Here are a couple shots from this week.

s canoe

dog run

casino bird

Deep Winter 2009

So tonight is the Deep Winter contest in Whistler. For the last three days, 6 photographers have been shooting their asses off in terrible conditions with the aim of putting together an award winning slideshow tonight. I've done this contest for the last two years and it is easily one of the most exhausting photographic experiences I've ever endured. Considering the conditions, I'm more than glad to not be doing it again this season, but I am very much looking forward to seeing the results. And this year I will sit on the panel of judges.

I think that judging photography is stupid. I said "no" to the request half a dozen times before finally being convinced to participate. In the end, someone will win, but I know that just the experience of shooting for those three days and making a slideshow to present on the night of the fourth provides a huge sense of accomplishment to the contestants.

Here is a link to my show from last year and a couple shots from the contest. Good luck to all this years contestants.



I'm having a really hard time transitioning from the warm water and beaches of Maui to the grey cold of Vancouver. It's that time of year that is always really challenging, too early to snowboard, but already cold and wet. Roatan is sounding better all the time. Reef Gliders is moving and I can't wait to check out the new shop. I miss my friends down there and the fun times. Shooting diving photos underwater again in Maui has got me all amped on that again. It's a shame that it is so bloody expensive to get into and a tough place to sell photos. I figure it will take about another season before I have some really good underwater stuff. Not that I'm not happy with some of the things that I get down there, but I'm not as consistent as I am shooting people, or snow or whatever.

Ok, time to write a chapter for the book.


Fishies and deep breaths.

A year ago today, I left Roatan after living there for 3 and a half months. I expected to be back there around June, but life is always interesting and you never know what is around the next corner, so instead it has now been a year since I've seen some of my friends down there. I've booked a flight back for Christmas, which makes me extremely happy, but I miss the place. No Roatan has also meant, no diving, which I miss terribly. People have asked me what the appeal is lately and my response is this; scuba diving is everything that snowboarding isn't. It's warm (at least where I like to do it), it's no impact, it's quiet and calm (which snowboarding actually can be too, but not sledding or crowded mountains, etc.).

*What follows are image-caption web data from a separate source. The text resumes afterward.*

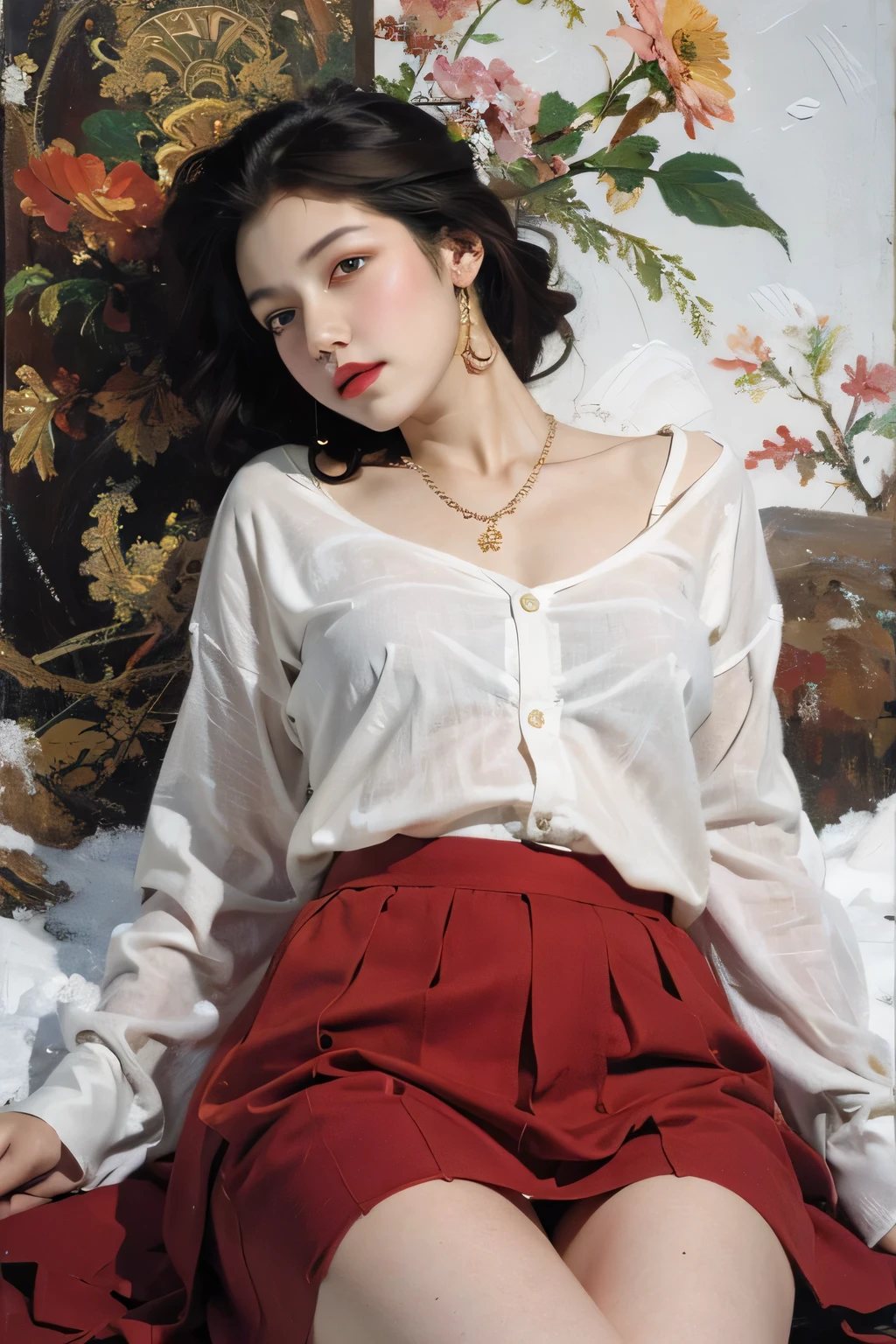 (masterpiece:1.3), (8k, Photorealistic, RAW Photos, Best image quality: 1.4), Japanese, (1 girl), Beautiful Face, (A vivid face), (short hair:1.3), Beautiful Hairstyles, Realistic eyes, Beautiful Eyes, (Realistic Skin), Beautiful Skin, charm, 超A high resolution, Surreal, High detail, Golden Ratio, Detail Makeup,Seeing the viewer,Big Breasts、Sexy blouse、Business Pants、office、Trim pubic hair、((whole body))、(Looking this way、Turning his body towards me、front、forward leaning posture、munechira:1.3)、(The bra is slightly visible、Brasilia:1.3)、(White shirtを着ている、Round neck shirt、A shirt with a slightly open chest、White shirt:1.8),(Beige underwear、Red floral embroidered underwear)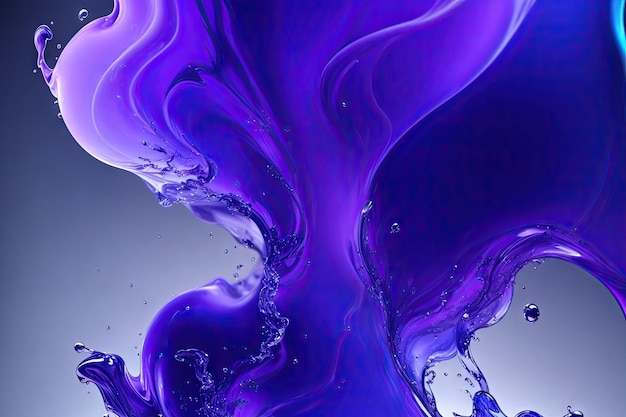 Fondo líquido brillante cosmético púrpura diseño de fondo ai generativo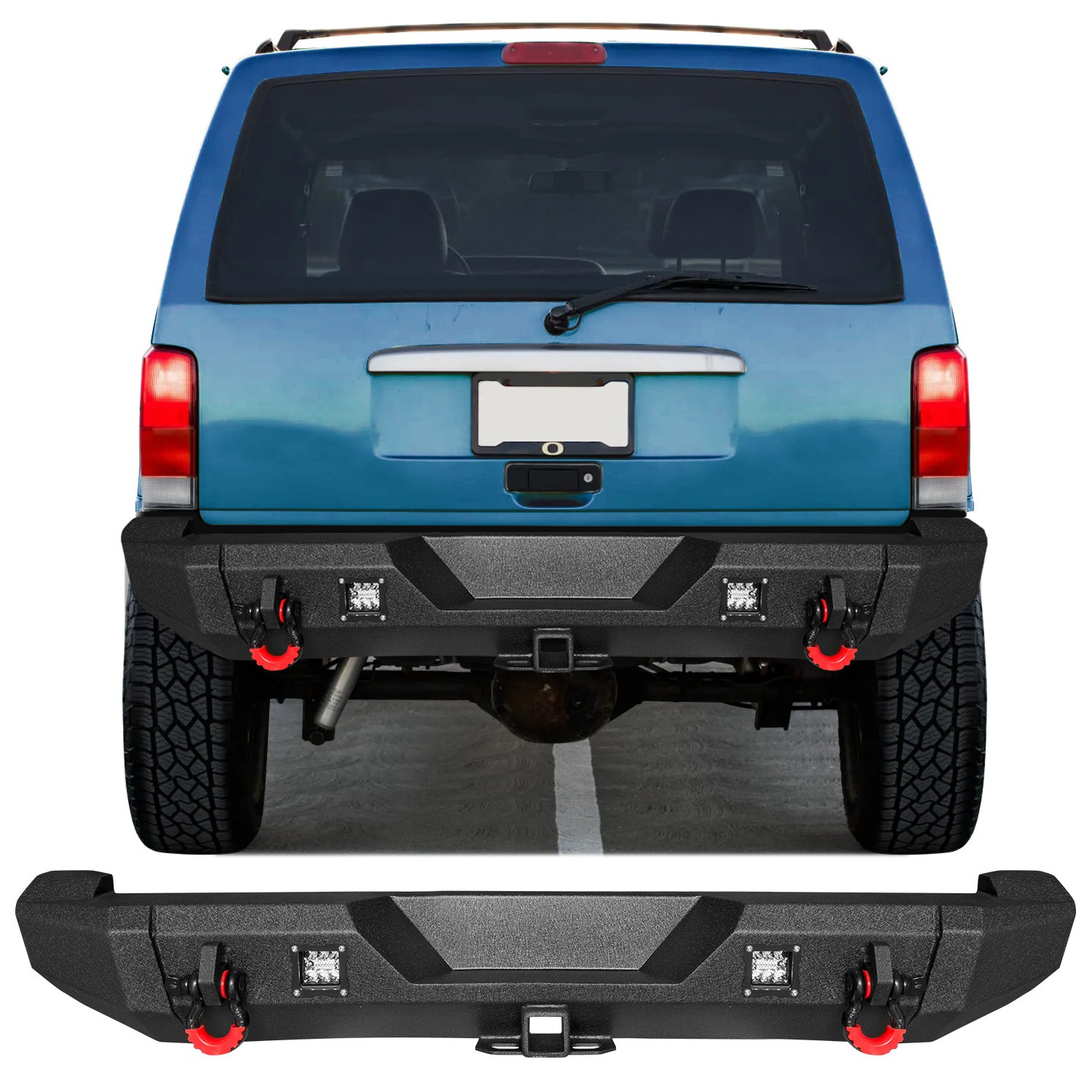 Fits 1984-2001 Jeep Cherokee XJ Steel Rear bumper with LED Lights and D-rings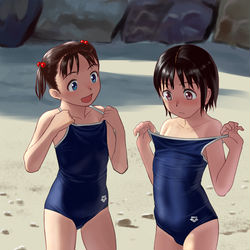 This is a pixiv picture whose title is スク水ロリ変換２.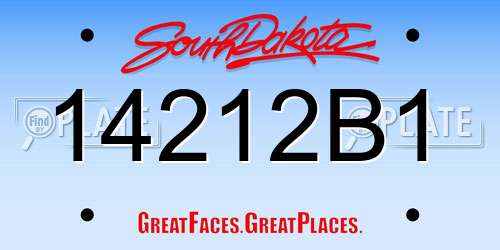 14212B1 South Dakota License Plate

Diving to me is like a forced meditation. You slow down your breathing, clear your mind, and look at pretty fishes. It calms me.

So in the year since I've been home, a lot has happened. I've made big strides professionally, and am very proud of the work I'm doing these days. Between that, the new apartment, and impending wedding, life has kept me very, very busy. I feel fortunate, considering the state of the global economy and how tough it is out there to make it as a photographer, to still be getting work, selling pictures, and interesting new clients.

Now if I can just figure out how to do it all of that from the beach...

This is a typical view off the wall in Roatan. No sharks or seahorses or barracuda, just a squirrel fish and lots of coral. Aaaah.